- The data
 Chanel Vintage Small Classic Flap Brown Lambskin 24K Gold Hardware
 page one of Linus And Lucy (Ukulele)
==
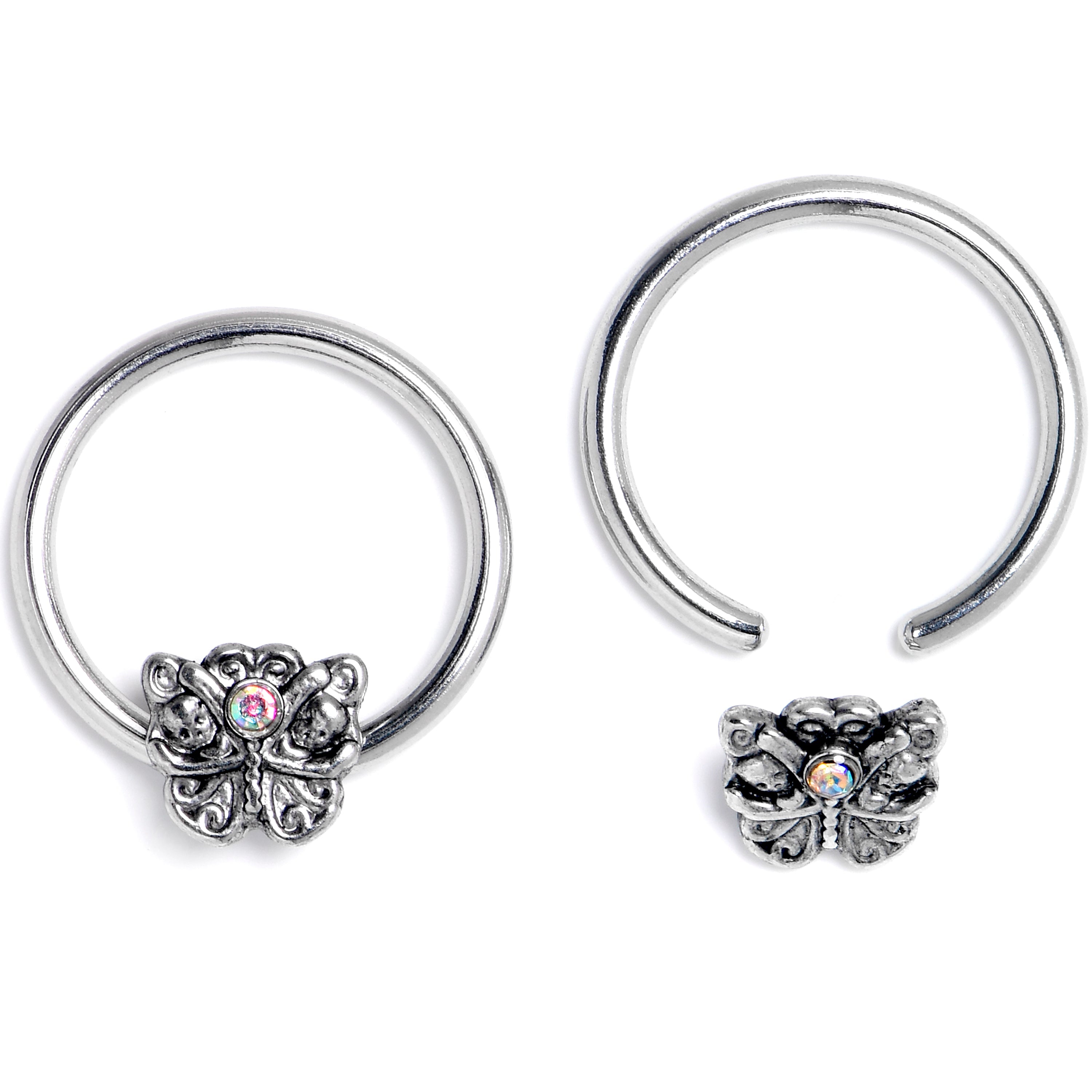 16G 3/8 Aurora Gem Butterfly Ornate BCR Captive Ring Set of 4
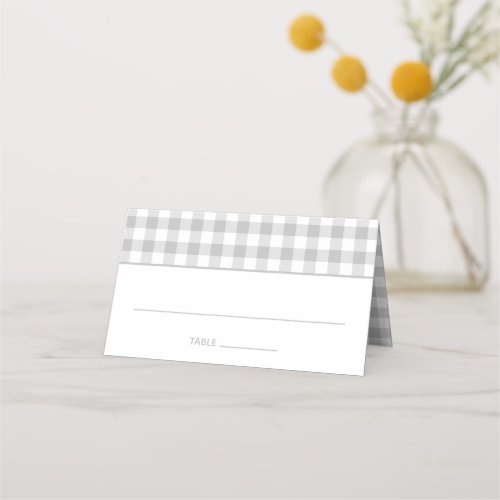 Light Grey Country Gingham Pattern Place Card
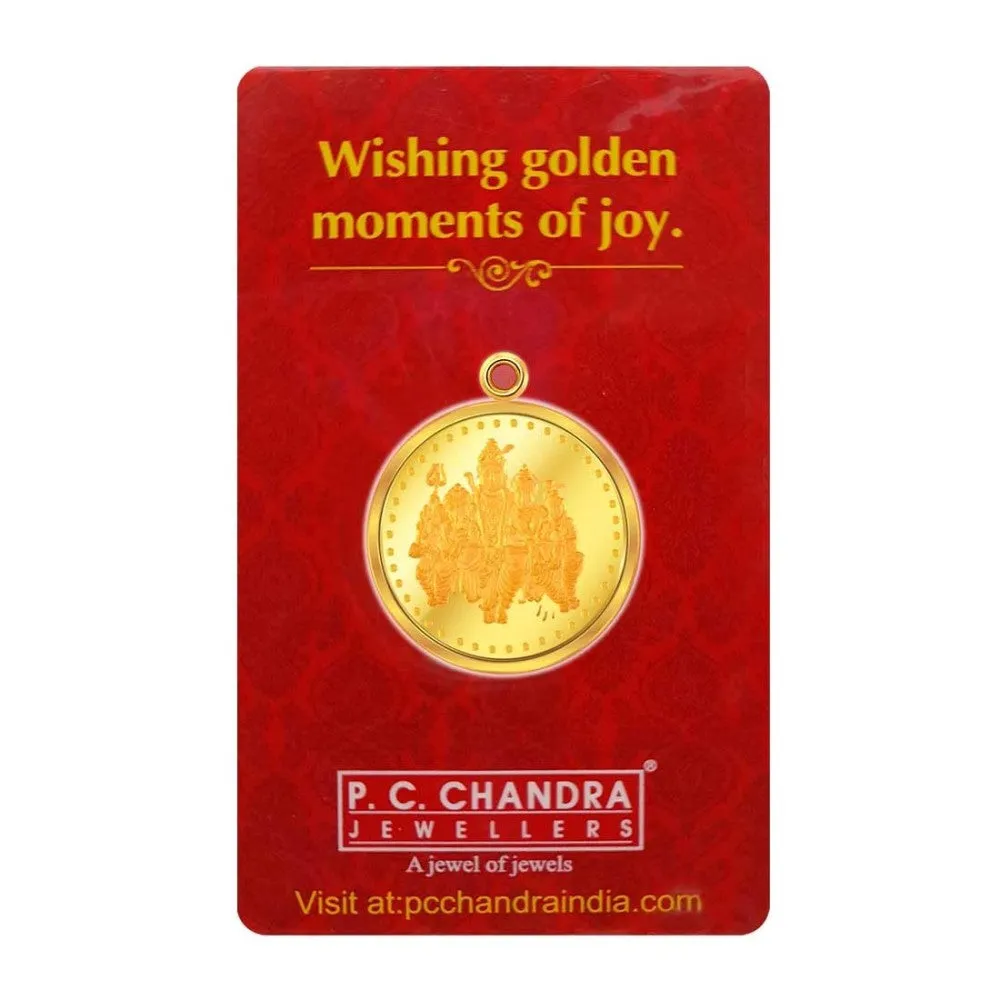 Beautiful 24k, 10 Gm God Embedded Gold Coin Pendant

- What is being asked
The line holding "16G 3/8 Aurora" starts the copy and the line holding "Beautiful 24k, 10" ends it. Repeat those two lines above and all between them exactly, leaving out pictures.

- Exercise answer
 16G 3/8 Aurora Gem Butterfly Ornate BCR Captive Ring Set of 4
 Light Grey Country Gingham Pattern Place Card
 Beautiful 24k, 10 Gm God Embedded Gold Coin Pendant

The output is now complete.